BUILDING ON A LEGACY
New scholarship continues retiring professor's desire to help students
A retiring East Carolina University professor known for changing lives is being honored through a new scholarship that will continue his legacy.
Dr. J. Barry DuVall will retire this month after 32 years as a professor in the Department of Technology Systems in the College of Engineering and Technology.
DuVall’s former student and ECU alumnus Timothy Gomez created the Dr. Barry DuVall/Timothy M. Gomez Teacher’s Choice scholarship to help future ECU students realize their dreams. Industrial technology students William Koch and Gregory Parrish received the first scholarships this fall.
“The recipients are students who cannot dedicate 100 percent of their time to studies, and this is one way that we’re able to help better their lives so they can focus on their education, like Dr. DuVall did for me and many others,” said Gomez ’92 ’95.
“He made us be everything we could be, and he wouldn’t settle for anything less,” Gomez said. “After 50 years of riding students like me, there’s many of us out there that owe our lives to him, and for me personally, he changed my life.”
Gomez is CEO of Dixon Ticonderoga, one of the oldest manufacturers of writing instruments, arts and crafts and fine art products in the United States. But 25 years ago, Gomez was a struggling ECU student from northeastern North Carolina who didn’t have very good grades because he was working 60 hours a week to make ends meet.

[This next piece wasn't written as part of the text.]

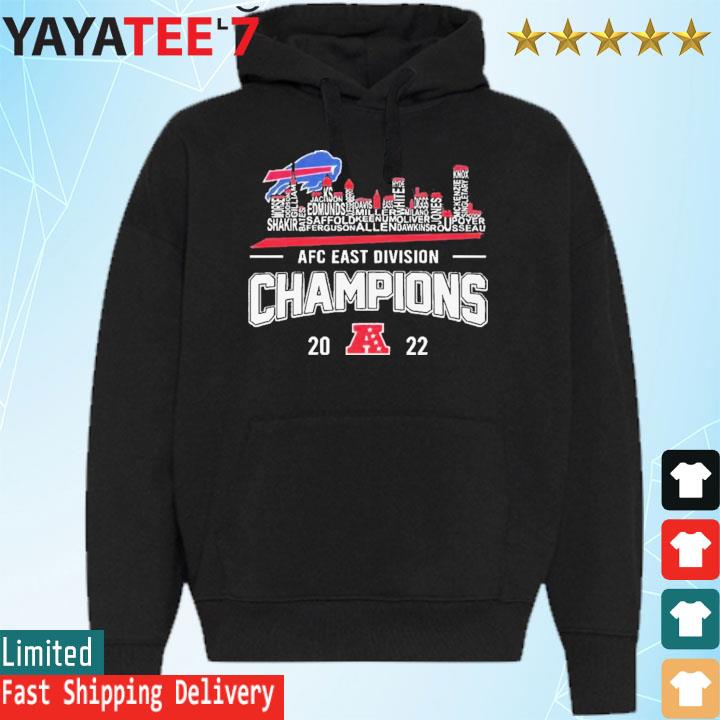 Buffalo Bills Players Names Skyline AFC East Division Champions 2022 shirt,  hoodie, sweater, long sleeve and tank top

That all changed, he said, after DuVall approached him about graduate school. Gomez said DuVall helped him get into graduate school and a grant program that allowed him to focus on school instead of having to work all the time.
“My master’s degree grades were straight A’s,” Gomez said.

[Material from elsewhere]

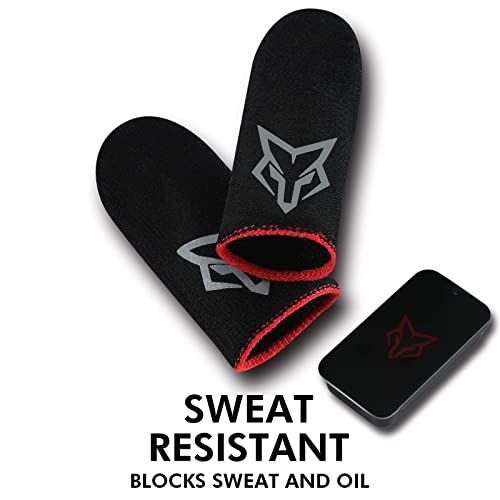 Mobile Phone Game Finger Sleeves [6pcs], Anti-Sweat Breathable,Gaming Sleeve,Thumbs Finger Gloves Cover Sleeve for League of Legend, PUBG, Rules of Survival, Knives Out (Black [Carbon Fibre]) from rinsfox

Another former student, Mike Putnam ’98 ’00, said DuVall’s impact is everlasting.
“Dr. Duvall mentored each student as though he had stock in their future career,” said Putnam, president and CEO of Sequence, a quality and compliance consulting firm in Raleigh. “He went well beyond teaching technical content. Dr. Duvall taught the intangibles every employer desires in a candidate, whether it was a proper handshake, the importance of eye contact or the value of self-confidence.”
DuVall said he came from a family of teachers, with his parents, aunts and uncles being in the profession. He received undergraduate and graduate degrees from Indiana State University, where he worked in the print shop with graphic arts. DuVall taught at several universities before coming to ECU in 1984. A decade later, he was on the forefront in teaching online classes.
“I have had one of the greatest jobs in the world. That’s because technology is always changing, there are always opportunities for improvement, and my students are working professionals who are results-oriented and make it all worthwhile.” Duvall said.
In September, Gomez picked up DuVall in a limousine and took him to the College of Engineering and Technology’s annual Robert E. and Betty S. Hill Recognition of Excellence Awards Ceremony. There, DuVall was presented with the J. Barry DuVall Lifetime Achievement Award.
“This was a surprise for me, that’s for sure,” DuVall said. “I just would never, ever anticipate anything like that. … That’s wonderful, you know.”
Dr. Tijjani Mohammed, chair of the ECU Department of Technology Systems, said it is nearly impossible to narrow DuVall’s impacts and contributions into a few sentences or even an article.
“Dr. John Barry DuVall is a legend… He will forever be remembered as one of the greatest technology teachers, a great colleague, a sincere friend and a caring mentor who offered unconditional support to everyone around him without any expectation of anything in return,” Mohammed said. “People like Dr. DuVall are very rare and to say that he will be sorely missed in our department and the university will be a gross understatement.”
DuVall’s email signature includes a quote: “I am here to help those who help themselves. Forge on!” Those who know him best agree that DuVall helped many students get all they could from their time at ECU.
“You just never know what to expect when you work with others,” DuVall said. “I could tell though that some of those people have the spark in the eye and the energy and enthusiasm. He (Gomez) was like that. And that always makes it worthwhile. That’s why I’ve done it (teaching) so long.”
Gomez said he wants students who come to ECU to know about DuVall, and he will make sure that happens through the Teacher’s Choice scholarship. Gomez plans to award four scholarships to technology systems students with demonstrated financial need in 2017, and will grow the fund from there.
“I love this man,” Gomez said. “As humble as he is, he deserves to retire in this way.”